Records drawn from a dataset
+ + + +
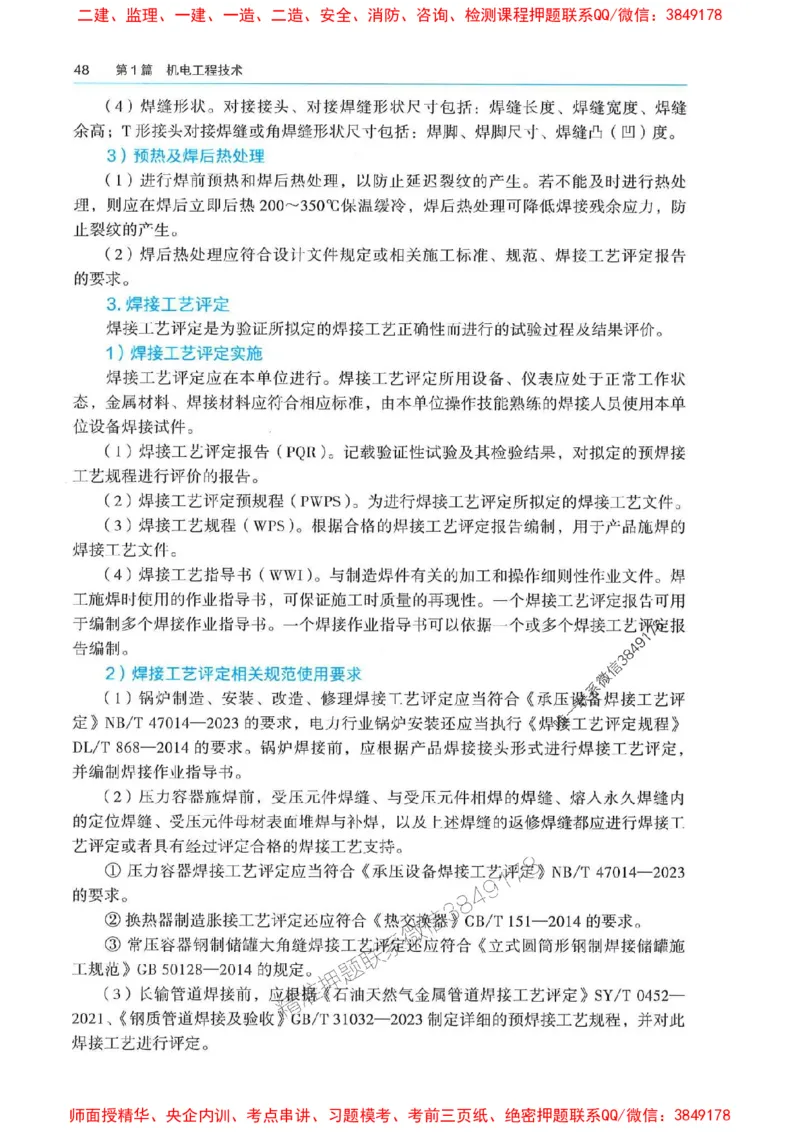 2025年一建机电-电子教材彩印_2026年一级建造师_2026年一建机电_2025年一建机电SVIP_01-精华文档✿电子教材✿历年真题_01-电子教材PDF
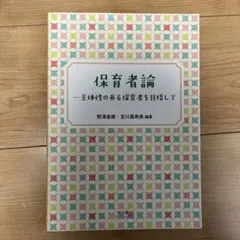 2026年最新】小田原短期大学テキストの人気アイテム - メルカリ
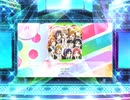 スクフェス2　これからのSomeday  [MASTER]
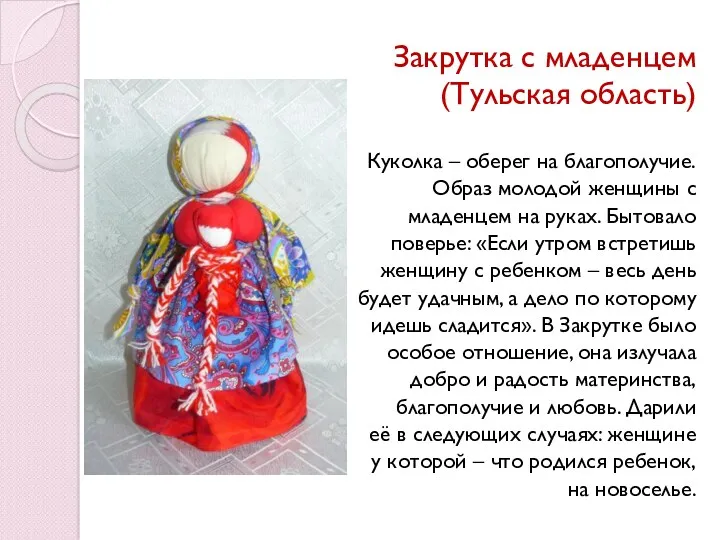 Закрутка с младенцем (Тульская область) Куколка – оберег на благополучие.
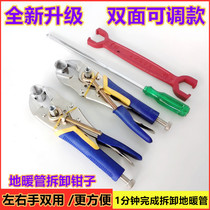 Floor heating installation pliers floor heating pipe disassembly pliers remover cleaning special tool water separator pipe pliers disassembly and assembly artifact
+ + + +
**TASK STATEMENT:**
Please copy the lines exactly, beginning at the one containing "2026年最新】小田原短期大学テキストの人気アイテム - メルカリ" and ending at the last line of the records above, both included, with the pictures left out.

**FINAL ANSWER:**
 2026年最新】小田原短期大学テキストの人気アイテム - メルカリ
 スクフェス2　これからのSomeday  [MASTER]
 Закрутка с младенцем (Тульская область) Куколка – оберег на благополучие.
 Floor heating installation pliers floor heating pipe disassembly pliers remover cleaning special tool water separator pipe pliers disassembly and assembly artifact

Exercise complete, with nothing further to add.